I came to an understanding in my own way... it works for me but may not work for anyone else...  I am a Mother to all my children... earthbound or heavenbound.  My son was meant to do something--he was given to me for a reason--and taken for reasons I may not agree with or come close to understanding right now.. but I do believe there is some kind of reason or plan to things.  I will get to be a Mother to him... just not right now.  Our time is delayed...  not taken away forever.

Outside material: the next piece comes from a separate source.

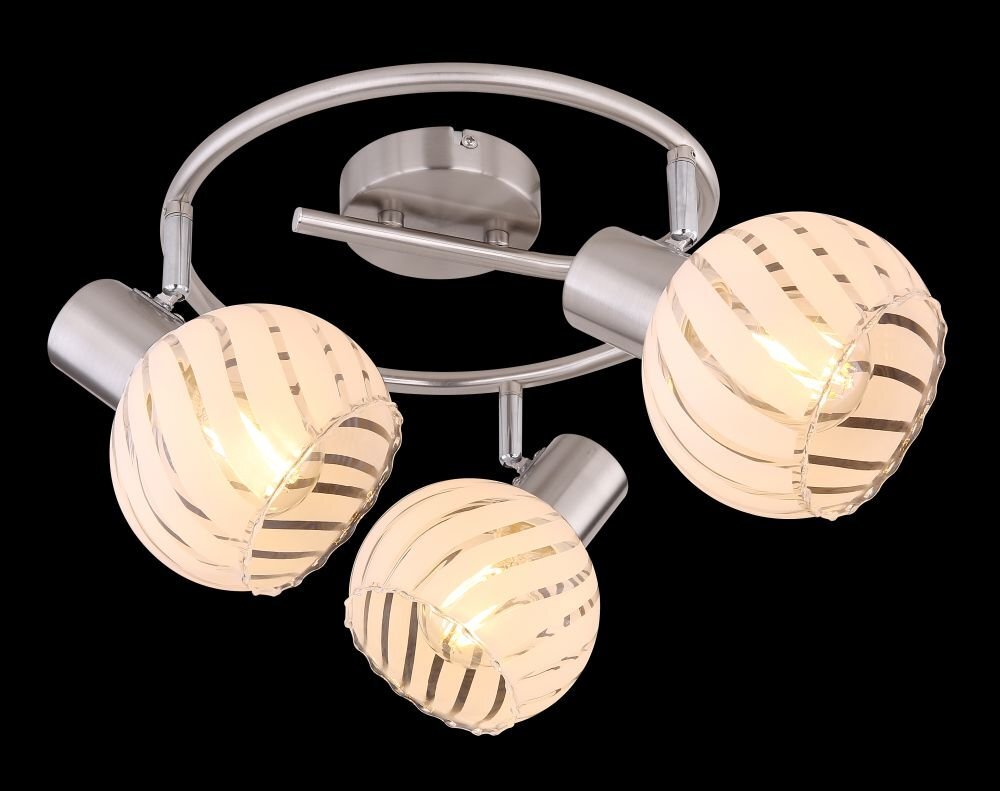 Lampa sufitowa z trzema szklanymi kloszami o wzorze w paski, zamontowana na metalowej konstrukcji w kolorze satynowym.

Our angel son has changed my life in so many ways.  His life has/had meaning--and I believe it still does. 

I believe our angel son was watching over us --we were so close to losing everything this pregnancy with uterine rupture--he was our guardian angel.  I believe that with all my heart.  He isn't gone--he's with me and lets me know every once in awhile in some little way that he is still with me. 

That is how I came to deal with the feelings of being disloyal.  I celebrate my babies--all of them--and know I have a whole new experience getting to know my angel babies coming up in my life some day. 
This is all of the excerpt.